OPENING THE LIQUIDATION OF A COMPANY
EXISTENCE OF A REASON FOR DISSOLUTION OF A LIMITED LIABILITY COMPANY
The first stage is to open the liquidation of a limited liability company. However, it requires the existence of a reason for dissolving a limited liability company limited liability company. The Commercial Companies Code states that the reasons for dissolving a limited liability company are:
1) provided for in the Articles of Association – shareholders may themselves indicate in the Articles of Association reasons for dissolving the limited liability company, the existence of which will lead to the dissolution of the limited liability company (e.g. implementation of a specific investment for the purposes of which it was established, expiry of the period for which it was established). In principle, they have freedom in creating reasons for dissolving the company, as long as they are legal;
2) resolution of partners on dissolution of the company or on transfer of the company’s registered office abroad, confirmed by a protocol drawn up by a notary, unless the transfer of the registered office is to take place in another Member State of the European Union or a country party to the agreement on the European Economic Area, and the law of that country permits it;
2(1) in the case of a company whose the Articles of Association was concluded using a template of the Articles of Association (via online s24 system), then in such a case also the shareholders’ resolution on dissolution of the company, which must be provided by all shareholders with a qualified electronic signature or a trusted signature;
3) declaration of bankruptcy of the company – in such a case, the company is dissolved after the bankruptcy proceedings are completed and the company is removed from the register;
4) other reasons provided for by law – these primarily concern cases where, due to non-compliance with the requirements of the regulations, the registry court is obliged to issue an order on the company’s dissolution ex officio. These include, for example, a conflict between the subject of the limited liability company’s activity specified in the Article of Association or in the statute and the provisions of law, or lack of legal capacity of the persons signed under the Articles of Association or statute at the time of signing.

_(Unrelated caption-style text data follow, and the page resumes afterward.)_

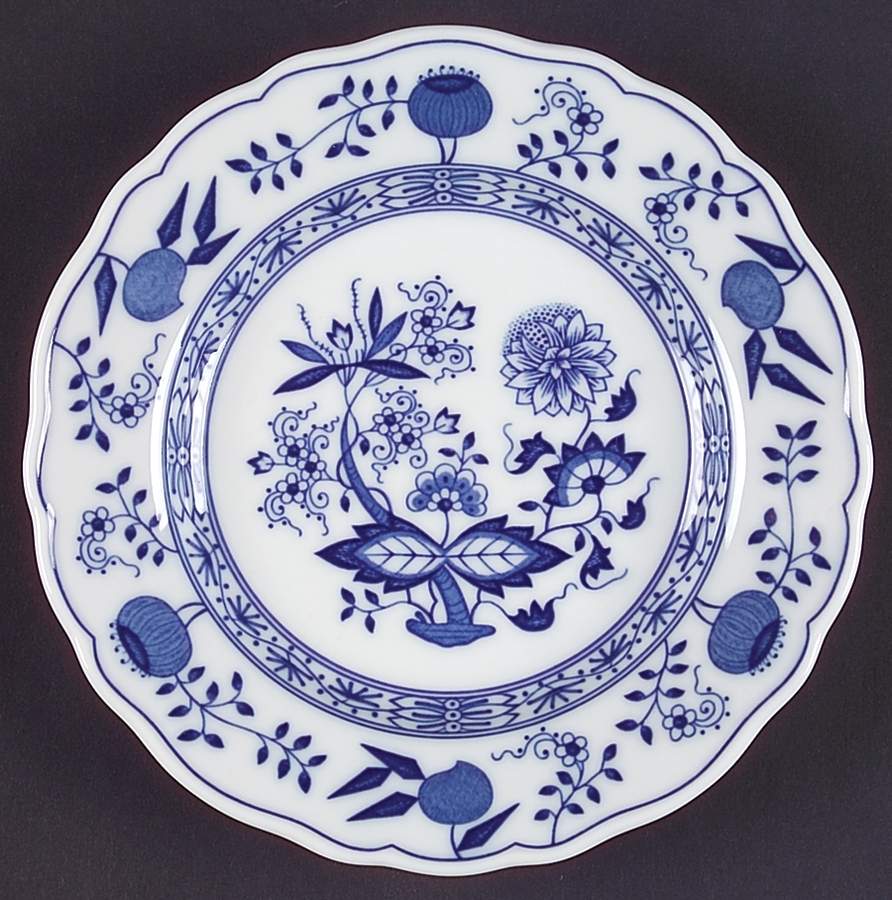 Blue Onion Bread & Butter Plate by Hutschenreuther-1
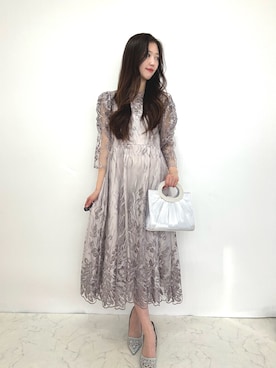 「アイテム（ドレス）」を使った、haremodeさん（レディース・163cm）の秋コーディネート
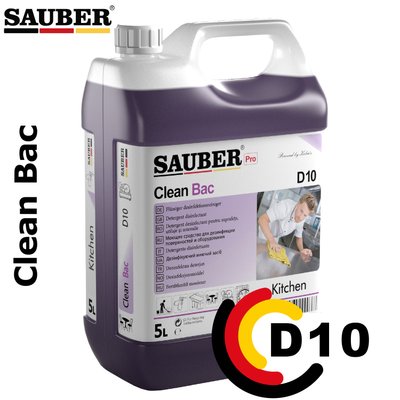 D10 - Detergent cu proprietati dezinfectante - Clean Bac - 5L D10 fotografie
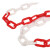 聚远 JUYUAN 塑料红白链条反光警示柱隔离链安全防护链3米 1条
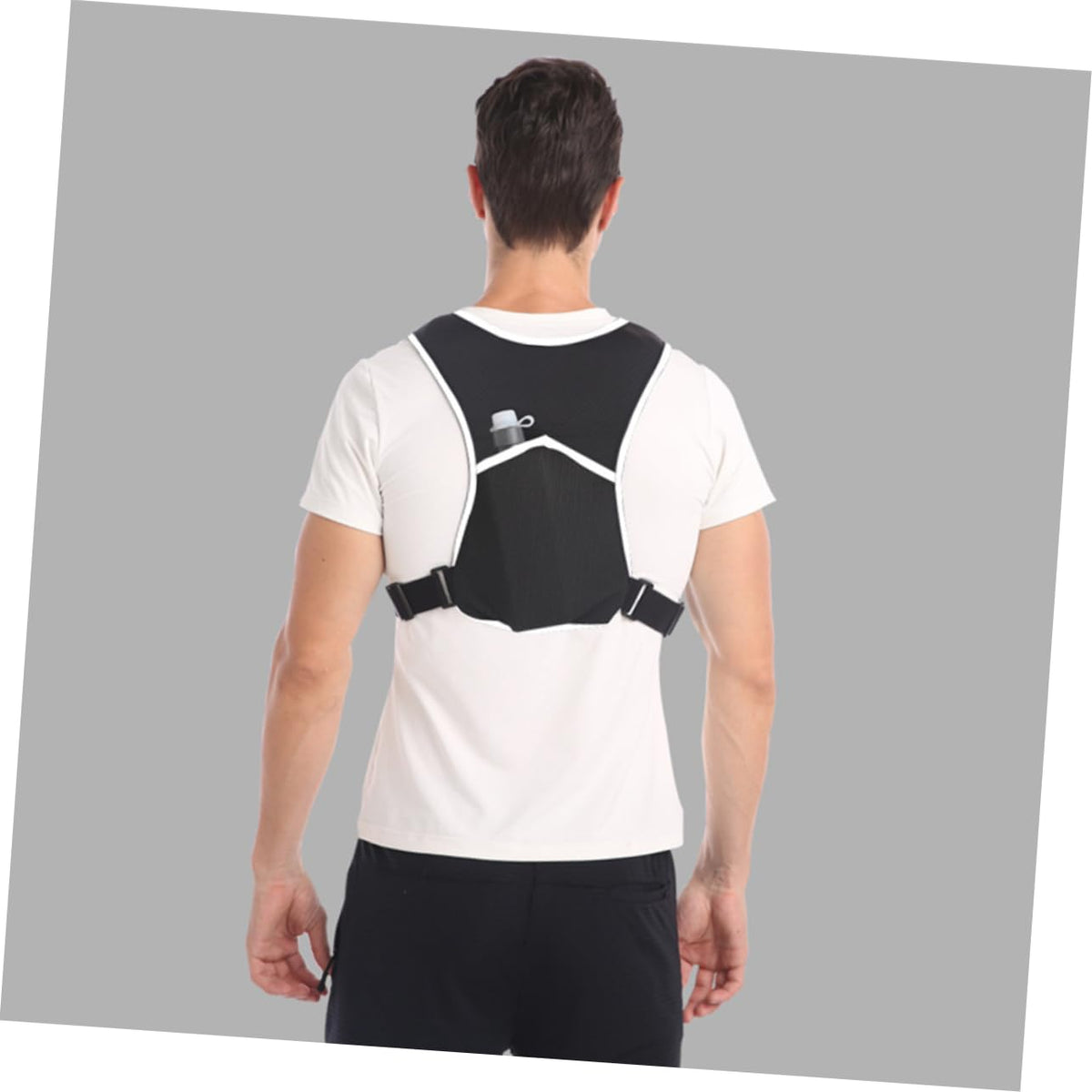 Reflective Running Vest with Adjustable Belt & Pockets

5) In addition to the cases referred to above, the court may issue a judgment ordering the dissolution of the company:
- a) at the request of a partner or member of the body, if achieving the company’s purpose has become impossible or if there are other important reasons caused by the company’s relations;
- b) at the request of a state body specified in a separate act, if the activity of the LLC violating the law threatens the public interest.

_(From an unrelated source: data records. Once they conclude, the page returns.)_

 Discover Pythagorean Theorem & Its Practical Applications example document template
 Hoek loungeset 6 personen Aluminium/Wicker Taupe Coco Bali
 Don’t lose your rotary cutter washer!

COMPANY IN LIQUIDATION – “CHANGE OF NAME” OF A LIMITED LIABILITY COMPANY
As indicated above, the occurrence of a reason for dissolution of a company leads to the commencement of the liquidation of this entity. From that moment on, it should be traded as a company in liquidation.
For example, if the company name is „ABC spółka z ograniczoną odpowiedzialnością”, it will be
„ABC spółka z ograniczoną odpowiedzialnością w likwidacji”. In this case, you have to remember to add the words “w likwidacji” (in liquidation) to the existing company name.
LIQUIDATORS – WHO CAN BE A LIQUIDATOR OF A COMPANY?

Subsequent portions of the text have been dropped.